Commercial Oral Repellent Products

A few commercial products, most notably a homeopathic tablet called Mozi-Q, are marketed as oral insect repellents. Mozi-Q contains highly diluted plant extracts including wild rosemary, dwarf nettle, and stavesacre seeds. Its FDA listing carries an explicit disclaimer: “This homeopathic product has not been evaluated by the Food and Drug Administration for safety or efficacy. FDA is not aware of scientific evidence to support homeopathy as effective.”

Homeopathic products are diluted to concentrations where little or none of the original substance remains, so even if one of these plants had repellent properties in its natural form, the amount in the tablet would be negligible. No published clinical trial supports these products for mosquito bite prevention.

How Diet Actually Affects Mosquito Attraction

While nothing you eat can reliably repel mosquitoes, some foods and drinks do appear to make you more attractive to them.
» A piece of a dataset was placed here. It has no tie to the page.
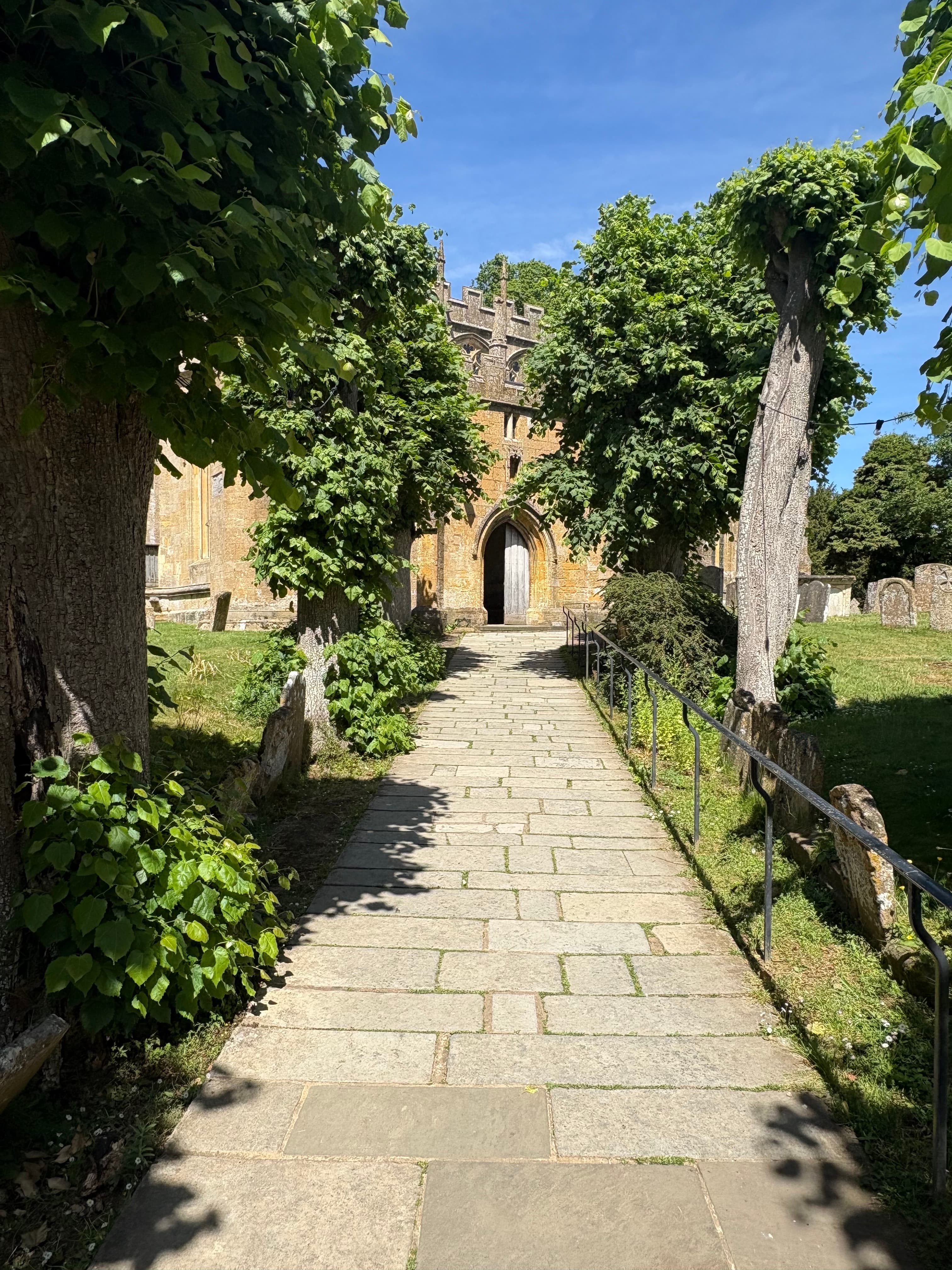The yew-lined avenue leading to the church door, with low evening light along the path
Mosquitoes find you primarily by detecting carbon dioxide, body heat, and the volatile organic compounds your skin releases, things like lactic acid and ethanol. Your diet can shift the mix of these chemicals.

Beer is the best-documented example. Studies have found that drinking beer increases the production of skin volatiles that attract mosquitoes, even a single bottle. Bananas have also been associated with increased attractiveness, likely through a similar mechanism of elevating lactic acid output. On the other side, some research suggests that garlic and citrus fruits may have mild disruptive effects on mosquito smell receptors, with garlic producing sulfur compounds and citrus producing limonene. But these effects have been inconsistent in lab settings and haven’t translated into a reliable strategy for bite prevention in real-world conditions.

The takeaway: your diet can nudge mosquito attraction in one direction or another, but no food acts as a dependable repellent. If you’re heading into heavy mosquito territory, skipping the beer that evening is reasonable, but don’t count on a lemon to protect you.

Systemic Drugs That Kill Mosquitoes (Not for Prevention)

There is one oral drug that genuinely affects mosquitoes after they bite: ivermectin. This antiparasitic medication doesn’t repel mosquitoes, but it makes your blood toxic to them. In a randomized, double-blind trial in Kenya, mosquitoes that fed on people who had taken ivermectin for three days died at roughly twice the rate of those feeding on the placebo group. The mosquito-killing effect persisted for up to 28 days after treatment. Population-level modeling suggested that mass distribution of ivermectin in malaria-endemic areas could reduce malaria prevalence by 44 to 61 percent.

This is a public health tool for reducing disease transmission in communities, not something available or appropriate for personal mosquito bite prevention. Ivermectin is a prescription drug with potential side effects, and it doesn’t stop you from getting bitten. It kills the mosquito after it has already fed. It’s worth knowing about because it shows that systemic approaches to mosquito control are a real area of science, but it’s not what you’d pick up at a pharmacy before a camping trip.

What Actually Prevents Bites

Since no oral option works reliably, your best tools remain topical. DEET, picaridin, oil of lemon eucalyptus, and IR3535 are the repellents with the strongest evidence behind them. DEET at concentrations of 20 to 30 percent provides several hours of protection. Picaridin works similarly and feels less greasy on the skin. Oil of lemon eucalyptus is the most effective plant-based option, though it needs reapplication more often.

Permethrin-treated clothing is another strong option, particularly for outdoor activities. The insecticide binds to fabric and remains effective through multiple washes, killing or disabling mosquitoes on contact. Wearing long sleeves and pants in light colors also helps, since mosquitoes are more attracted to dark clothing and exposed skin. Physical barriers like bed nets remain one of the most effective tools in areas with high mosquito density, particularly for sleeping.

The appeal of an oral repellent is obvious: no sticky sprays, no reapplication, no chemical smell. But at this point, the science simply isn’t there. The strategies that work are the ones applied to your skin or clothing, creating a barrier between you and the mosquito before it lands.